Ahora mismo, en algún rincón del planeta, un panel de catadores está juzgando vinos. Una medalla de oro por aquí, noventa y tantos puntos de un crítico especializado por allá.
Es un enorme desafío, digámoslo: pocas cosas resultan más subjetivas que el vino, que esa apreciación personal pueda resumirse en “me gusta” o “no me gusta”. Pero desde hace ya varios años, los concursos y puntajes se han convertido en una valiosa herramienta.
¿Cómo funciona el asunto?
La respuesta tiene casi tantas variantes como concursos existan. La regla general parte de la cata a ciegas, es decir, el crítico recibe el vino con muy poca información de su procedencia, precio o elaborador, de forma tal de intentar afectar lo menos posible la ‘objetividad del catador’. En algunos casos, como el del International Wine And Spirit Competition (IWSC), cada juez recibe tan solo la copa llena, sin tener acceso siquiera a ver la botella (aunque esté cubierta, tapando la etiqueta), para que el color o formato pueda tomarse como referencia.

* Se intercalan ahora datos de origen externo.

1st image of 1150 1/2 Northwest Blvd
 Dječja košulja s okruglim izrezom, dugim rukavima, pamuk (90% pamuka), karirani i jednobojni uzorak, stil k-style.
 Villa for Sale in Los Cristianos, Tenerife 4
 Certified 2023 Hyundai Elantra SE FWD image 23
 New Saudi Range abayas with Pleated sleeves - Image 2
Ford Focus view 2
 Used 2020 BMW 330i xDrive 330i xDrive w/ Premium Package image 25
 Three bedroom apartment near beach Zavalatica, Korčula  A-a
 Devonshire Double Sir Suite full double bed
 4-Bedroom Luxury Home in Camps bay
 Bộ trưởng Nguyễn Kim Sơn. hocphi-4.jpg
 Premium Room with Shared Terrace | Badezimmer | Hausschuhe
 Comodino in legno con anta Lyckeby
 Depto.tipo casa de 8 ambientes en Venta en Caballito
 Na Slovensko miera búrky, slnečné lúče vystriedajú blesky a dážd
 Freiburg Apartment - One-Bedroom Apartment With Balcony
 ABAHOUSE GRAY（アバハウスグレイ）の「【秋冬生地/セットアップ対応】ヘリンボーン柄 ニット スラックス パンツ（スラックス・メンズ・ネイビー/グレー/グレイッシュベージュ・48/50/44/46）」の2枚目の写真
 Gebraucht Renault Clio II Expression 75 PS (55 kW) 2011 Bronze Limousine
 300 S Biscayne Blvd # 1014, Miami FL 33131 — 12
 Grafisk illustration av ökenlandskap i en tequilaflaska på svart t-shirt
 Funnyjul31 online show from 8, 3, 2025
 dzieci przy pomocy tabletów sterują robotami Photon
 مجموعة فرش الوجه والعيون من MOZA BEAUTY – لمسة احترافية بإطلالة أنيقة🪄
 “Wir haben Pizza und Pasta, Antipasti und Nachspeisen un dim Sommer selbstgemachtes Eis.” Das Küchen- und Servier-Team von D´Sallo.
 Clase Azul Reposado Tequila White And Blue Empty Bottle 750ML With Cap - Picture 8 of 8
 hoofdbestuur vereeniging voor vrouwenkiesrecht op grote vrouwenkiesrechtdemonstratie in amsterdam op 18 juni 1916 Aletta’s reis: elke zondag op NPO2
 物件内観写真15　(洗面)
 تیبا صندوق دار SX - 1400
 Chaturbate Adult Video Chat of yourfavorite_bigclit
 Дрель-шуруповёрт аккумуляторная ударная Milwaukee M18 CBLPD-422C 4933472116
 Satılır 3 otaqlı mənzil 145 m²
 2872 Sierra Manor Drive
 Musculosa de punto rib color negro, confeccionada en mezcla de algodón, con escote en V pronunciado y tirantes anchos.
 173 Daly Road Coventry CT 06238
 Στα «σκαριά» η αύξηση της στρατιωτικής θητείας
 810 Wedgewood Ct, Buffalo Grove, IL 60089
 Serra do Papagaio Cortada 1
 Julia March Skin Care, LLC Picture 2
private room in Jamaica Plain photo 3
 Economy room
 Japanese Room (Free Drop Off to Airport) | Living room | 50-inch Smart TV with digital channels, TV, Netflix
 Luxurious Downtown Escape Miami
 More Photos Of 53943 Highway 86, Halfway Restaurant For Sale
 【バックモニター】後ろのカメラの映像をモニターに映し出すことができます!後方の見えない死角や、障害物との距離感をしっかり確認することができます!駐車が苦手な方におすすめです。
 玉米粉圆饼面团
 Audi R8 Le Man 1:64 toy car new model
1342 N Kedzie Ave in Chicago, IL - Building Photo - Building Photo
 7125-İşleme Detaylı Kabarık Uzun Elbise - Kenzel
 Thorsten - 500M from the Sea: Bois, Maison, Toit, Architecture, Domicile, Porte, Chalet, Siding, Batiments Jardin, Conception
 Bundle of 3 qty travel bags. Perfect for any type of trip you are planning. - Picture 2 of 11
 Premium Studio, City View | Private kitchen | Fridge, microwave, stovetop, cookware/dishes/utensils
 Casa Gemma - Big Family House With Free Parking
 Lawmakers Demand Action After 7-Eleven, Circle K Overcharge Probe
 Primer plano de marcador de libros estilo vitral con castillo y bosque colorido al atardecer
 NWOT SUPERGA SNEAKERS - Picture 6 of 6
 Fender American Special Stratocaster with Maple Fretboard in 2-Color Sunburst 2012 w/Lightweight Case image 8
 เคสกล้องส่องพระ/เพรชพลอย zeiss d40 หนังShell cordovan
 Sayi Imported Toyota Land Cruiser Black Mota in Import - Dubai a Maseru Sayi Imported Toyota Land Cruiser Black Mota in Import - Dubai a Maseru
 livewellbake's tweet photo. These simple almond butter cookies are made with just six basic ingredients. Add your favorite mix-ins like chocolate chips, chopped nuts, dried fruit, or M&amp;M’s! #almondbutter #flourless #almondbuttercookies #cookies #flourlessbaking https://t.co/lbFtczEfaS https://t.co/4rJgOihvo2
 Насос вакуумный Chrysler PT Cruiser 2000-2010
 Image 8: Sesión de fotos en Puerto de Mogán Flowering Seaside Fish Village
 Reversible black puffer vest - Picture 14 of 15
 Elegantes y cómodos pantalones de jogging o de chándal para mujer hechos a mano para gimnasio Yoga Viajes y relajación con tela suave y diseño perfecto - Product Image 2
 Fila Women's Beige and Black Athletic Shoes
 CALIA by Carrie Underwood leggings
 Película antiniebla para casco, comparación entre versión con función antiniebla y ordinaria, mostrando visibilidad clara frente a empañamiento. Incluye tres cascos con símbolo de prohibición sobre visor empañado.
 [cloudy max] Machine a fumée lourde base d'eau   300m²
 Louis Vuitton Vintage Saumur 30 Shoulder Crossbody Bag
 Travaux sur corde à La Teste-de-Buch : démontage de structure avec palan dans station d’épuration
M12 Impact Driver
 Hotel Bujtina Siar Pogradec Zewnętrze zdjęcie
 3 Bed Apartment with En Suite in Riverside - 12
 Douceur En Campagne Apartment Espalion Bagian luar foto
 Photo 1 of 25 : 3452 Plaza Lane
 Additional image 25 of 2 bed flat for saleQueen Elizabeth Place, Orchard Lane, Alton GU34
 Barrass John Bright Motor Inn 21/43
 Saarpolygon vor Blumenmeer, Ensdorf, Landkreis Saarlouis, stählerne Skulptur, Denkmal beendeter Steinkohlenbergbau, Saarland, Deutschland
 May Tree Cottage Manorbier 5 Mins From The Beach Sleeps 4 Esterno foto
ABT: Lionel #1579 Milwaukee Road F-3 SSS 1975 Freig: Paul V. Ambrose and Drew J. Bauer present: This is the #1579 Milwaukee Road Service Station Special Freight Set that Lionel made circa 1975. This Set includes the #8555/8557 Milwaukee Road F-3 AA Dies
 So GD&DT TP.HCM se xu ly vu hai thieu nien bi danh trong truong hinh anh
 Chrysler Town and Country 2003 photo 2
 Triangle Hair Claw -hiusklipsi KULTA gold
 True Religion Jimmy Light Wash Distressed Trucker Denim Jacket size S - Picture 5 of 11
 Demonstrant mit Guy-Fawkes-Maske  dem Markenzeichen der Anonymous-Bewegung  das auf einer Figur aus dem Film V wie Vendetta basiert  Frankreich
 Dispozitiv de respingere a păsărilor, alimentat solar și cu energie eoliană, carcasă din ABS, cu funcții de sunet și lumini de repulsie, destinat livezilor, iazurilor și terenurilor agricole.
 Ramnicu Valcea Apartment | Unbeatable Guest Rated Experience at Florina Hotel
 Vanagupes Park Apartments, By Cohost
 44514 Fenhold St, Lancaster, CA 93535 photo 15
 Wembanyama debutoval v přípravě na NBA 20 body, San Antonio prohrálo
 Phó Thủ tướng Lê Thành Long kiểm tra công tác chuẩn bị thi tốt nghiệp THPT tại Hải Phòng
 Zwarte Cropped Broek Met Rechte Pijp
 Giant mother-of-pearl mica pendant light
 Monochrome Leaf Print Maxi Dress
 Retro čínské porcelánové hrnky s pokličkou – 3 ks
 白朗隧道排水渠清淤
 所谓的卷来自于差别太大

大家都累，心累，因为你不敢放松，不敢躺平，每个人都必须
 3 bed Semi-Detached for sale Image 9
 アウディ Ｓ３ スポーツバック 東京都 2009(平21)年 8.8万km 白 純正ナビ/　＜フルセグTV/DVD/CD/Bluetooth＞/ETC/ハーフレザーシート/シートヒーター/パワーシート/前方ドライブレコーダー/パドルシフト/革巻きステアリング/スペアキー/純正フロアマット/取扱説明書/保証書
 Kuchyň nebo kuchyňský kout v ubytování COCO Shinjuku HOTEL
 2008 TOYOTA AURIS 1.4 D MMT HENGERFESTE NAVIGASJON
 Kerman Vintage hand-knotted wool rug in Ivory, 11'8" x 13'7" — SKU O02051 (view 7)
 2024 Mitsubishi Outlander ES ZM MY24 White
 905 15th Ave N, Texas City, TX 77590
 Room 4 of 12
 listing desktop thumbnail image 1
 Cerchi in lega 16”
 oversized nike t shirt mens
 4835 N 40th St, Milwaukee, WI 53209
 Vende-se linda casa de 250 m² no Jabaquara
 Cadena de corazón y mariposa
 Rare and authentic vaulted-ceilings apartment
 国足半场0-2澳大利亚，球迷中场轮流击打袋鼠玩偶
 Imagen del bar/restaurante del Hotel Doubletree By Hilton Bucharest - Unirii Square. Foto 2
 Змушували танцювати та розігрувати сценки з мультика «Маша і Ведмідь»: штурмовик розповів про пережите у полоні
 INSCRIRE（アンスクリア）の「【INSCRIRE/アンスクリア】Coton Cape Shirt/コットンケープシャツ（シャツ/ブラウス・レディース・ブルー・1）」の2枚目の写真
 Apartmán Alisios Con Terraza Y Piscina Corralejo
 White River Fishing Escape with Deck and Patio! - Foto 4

Las revistas especializadas y guías impresas de vino, en cambio, eligen muchas veces que la cata sea al descubierto, conociendo de “pe a pa” lo que está acurrucándose en la copa. Y, a veces, esta idea no es mala: soy un convencido de que al vino hay que analizarlo y entenderlo desde su contexto, desde las manos detrás del concepto. Dejar afuera las condiciones de la añada, la identidad de la variedad de uva, la tipicidad del terruño o el perfil del enólogo pueden ser graves errores.